Take the line that contains "ナイキ(NIKE)のNIKE ボア フリース ジャケット(ブルゾン)" and each one after it through the last line below, and retype them exactly. Leave out the pictures.

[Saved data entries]
+++

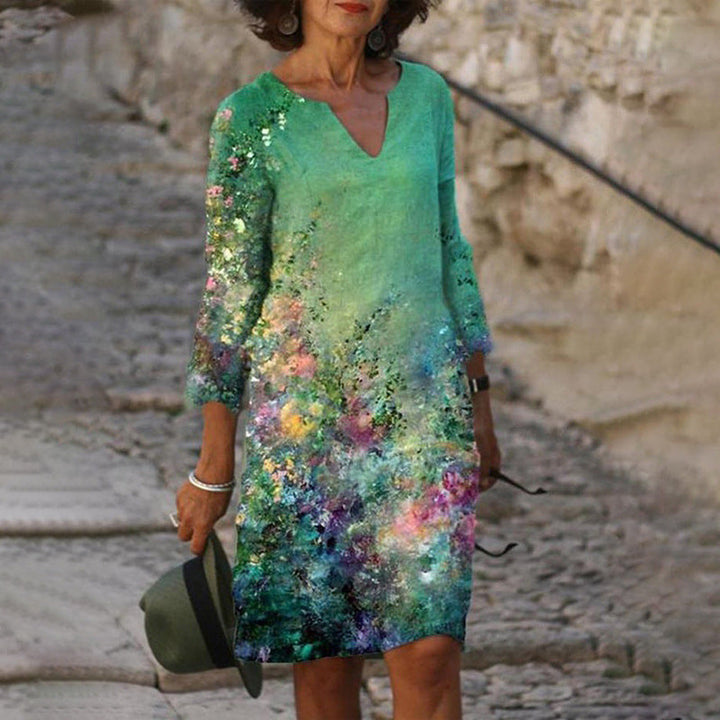 Robe élégante pour femme, style intemporel et chic. Parfaite pour la mode estivale décontractée.
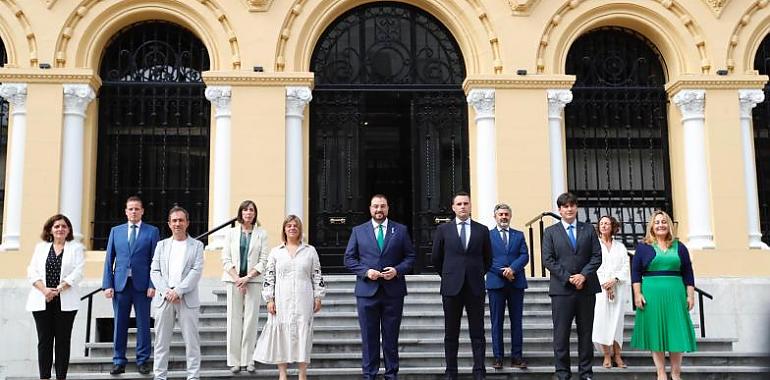 El nuevo Ejecutivo asturiano tomó ayer posesión de sus cargos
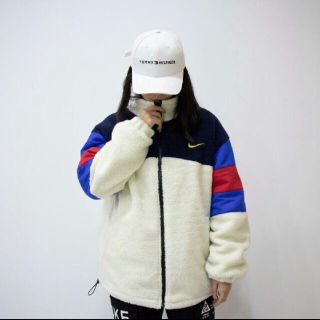 ナイキ(NIKE)のNIKE ボア フリース ジャケット(ブルゾン)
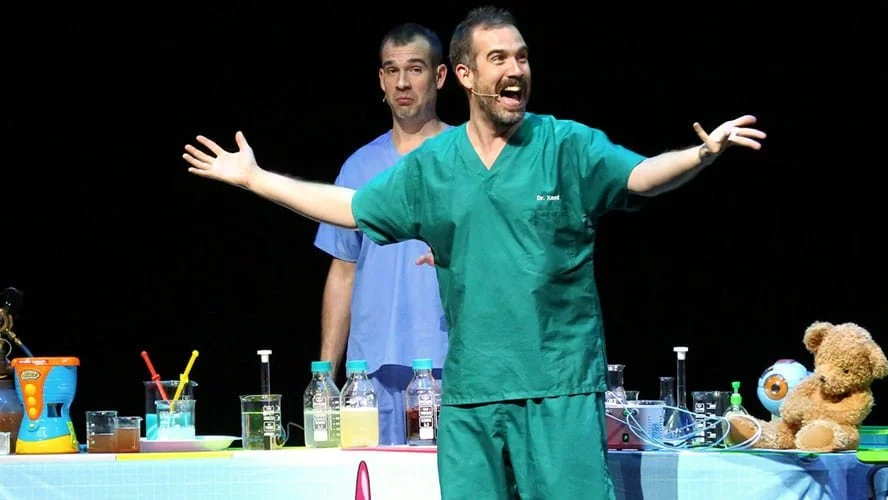 Operation Ouch: Apollo Theatre, Shaftesbury Avenue, London 4**** William Russell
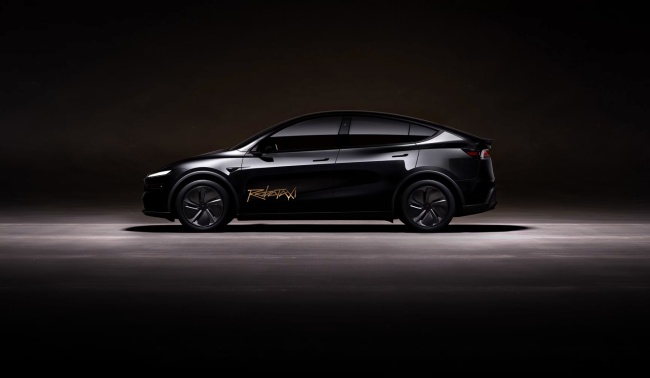 为扩充运力，特斯拉正内部招聘“AI 操作员”以运营 Robotaxi 打车业务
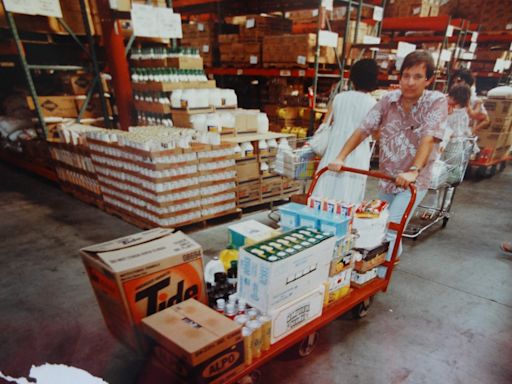 Photos show what Costco looked like when it first opened in 1983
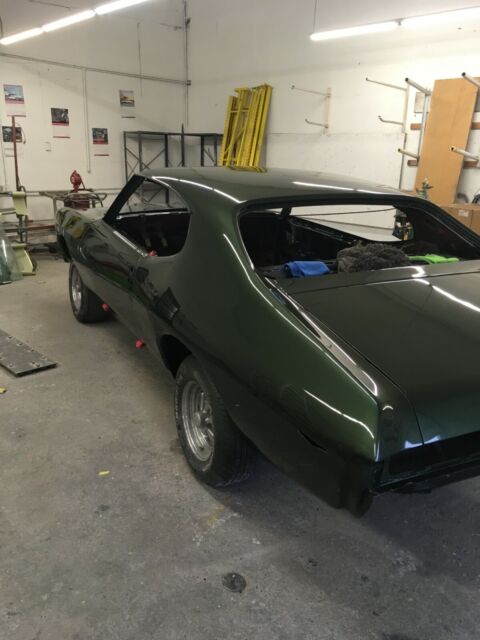1969 Pontiac GTO Green with Black interior - photo 6
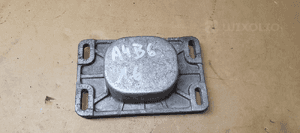 Łapa mocowanie wspornik Audi A4 B6 8E0199335K 3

+++

(Response)
 ナイキ(NIKE)のNIKE ボア フリース ジャケット(ブルゾン)
 Operation Ouch: Apollo Theatre, Shaftesbury Avenue, London 4**** William Russell
 为扩充运力，特斯拉正内部招聘“AI 操作员”以运营 Robotaxi 打车业务
 Photos show what Costco looked like when it first opened in 1983
1969 Pontiac GTO Green with Black interior - photo 6
 Łapa mocowanie wspornik Audi A4 B6 8E0199335K 3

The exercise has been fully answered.